■ About this task
In the entries below, find the line containing "Angus Crichton of" and the line containing "DJ plays music on the beach at sunset". Copy those two lines and everything between them exactly, and only that.

*** Information Section Begins ***

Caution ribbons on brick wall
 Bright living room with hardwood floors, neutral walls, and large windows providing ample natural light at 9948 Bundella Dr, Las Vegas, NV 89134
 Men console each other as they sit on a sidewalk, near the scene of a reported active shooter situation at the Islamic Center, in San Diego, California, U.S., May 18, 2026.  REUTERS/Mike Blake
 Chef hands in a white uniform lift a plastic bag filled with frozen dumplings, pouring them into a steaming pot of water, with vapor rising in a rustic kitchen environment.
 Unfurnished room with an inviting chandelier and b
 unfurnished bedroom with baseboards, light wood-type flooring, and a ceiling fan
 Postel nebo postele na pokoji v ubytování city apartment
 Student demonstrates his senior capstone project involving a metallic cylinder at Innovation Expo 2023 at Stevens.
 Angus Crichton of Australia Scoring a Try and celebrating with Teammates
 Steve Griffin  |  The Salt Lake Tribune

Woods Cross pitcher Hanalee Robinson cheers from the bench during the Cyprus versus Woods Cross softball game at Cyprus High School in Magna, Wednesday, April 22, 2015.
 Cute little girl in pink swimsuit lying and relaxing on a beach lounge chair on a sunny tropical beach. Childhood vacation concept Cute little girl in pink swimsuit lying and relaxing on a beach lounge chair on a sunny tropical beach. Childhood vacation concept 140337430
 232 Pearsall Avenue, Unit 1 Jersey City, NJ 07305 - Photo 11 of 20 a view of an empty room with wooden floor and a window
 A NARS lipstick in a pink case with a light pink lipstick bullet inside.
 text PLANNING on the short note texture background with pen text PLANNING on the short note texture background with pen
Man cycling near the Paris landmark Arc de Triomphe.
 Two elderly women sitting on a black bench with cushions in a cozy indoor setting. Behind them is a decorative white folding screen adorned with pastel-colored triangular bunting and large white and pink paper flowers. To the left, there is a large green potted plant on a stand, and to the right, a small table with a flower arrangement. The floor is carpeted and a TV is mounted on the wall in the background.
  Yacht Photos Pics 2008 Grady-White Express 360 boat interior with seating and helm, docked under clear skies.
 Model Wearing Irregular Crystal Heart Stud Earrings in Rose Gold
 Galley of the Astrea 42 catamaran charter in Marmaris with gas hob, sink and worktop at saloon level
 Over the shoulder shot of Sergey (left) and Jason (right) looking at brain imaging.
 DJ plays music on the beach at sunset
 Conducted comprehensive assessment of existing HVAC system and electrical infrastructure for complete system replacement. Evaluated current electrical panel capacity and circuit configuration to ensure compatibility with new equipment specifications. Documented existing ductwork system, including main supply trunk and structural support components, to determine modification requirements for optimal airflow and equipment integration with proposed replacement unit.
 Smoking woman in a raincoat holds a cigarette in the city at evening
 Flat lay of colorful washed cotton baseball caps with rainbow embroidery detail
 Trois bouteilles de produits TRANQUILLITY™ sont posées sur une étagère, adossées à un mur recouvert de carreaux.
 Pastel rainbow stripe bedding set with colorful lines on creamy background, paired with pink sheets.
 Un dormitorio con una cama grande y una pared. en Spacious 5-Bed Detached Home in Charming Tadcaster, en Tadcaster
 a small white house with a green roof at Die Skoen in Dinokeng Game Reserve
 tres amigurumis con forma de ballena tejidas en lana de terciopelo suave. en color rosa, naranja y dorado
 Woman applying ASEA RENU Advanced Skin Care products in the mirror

*** Information Section Ends ***

■ Exercise answer
 Angus Crichton of Australia Scoring a Try and celebrating with Teammates
 Steve Griffin  |  The Salt Lake Tribune

Woods Cross pitcher Hanalee Robinson cheers from the bench during the Cyprus versus Woods Cross softball game at Cyprus High School in Magna, Wednesday, April 22, 2015.
 Cute little girl in pink swimsuit lying and relaxing on a beach lounge chair on a sunny tropical beach. Childhood vacation concept Cute little girl in pink swimsuit lying and relaxing on a beach lounge chair on a sunny tropical beach. Childhood vacation concept 140337430
 232 Pearsall Avenue, Unit 1 Jersey City, NJ 07305 - Photo 11 of 20 a view of an empty room with wooden floor and a window
 A NARS lipstick in a pink case with a light pink lipstick bullet inside.
 text PLANNING on the short note texture background with pen text PLANNING on the short note texture background with pen
Man cycling near the Paris landmark Arc de Triomphe.
 Two elderly women sitting on a black bench with cushions in a cozy indoor setting. Behind them is a decorative white folding screen adorned with pastel-colored triangular bunting and large white and pink paper flowers. To the left, there is a large green potted plant on a stand, and to the right, a small table with a flower arrangement. The floor is carpeted and a TV is mounted on the wall in the background.
  Yacht Photos Pics 2008 Grady-White Express 360 boat interior with seating and helm, docked under clear skies.
 Model Wearing Irregular Crystal Heart Stud Earrings in Rose Gold
 Galley of the Astrea 42 catamaran charter in Marmaris with gas hob, sink and worktop at saloon level
 Over the shoulder shot of Sergey (left) and Jason (right) looking at brain imaging.
 DJ plays music on the beach at sunset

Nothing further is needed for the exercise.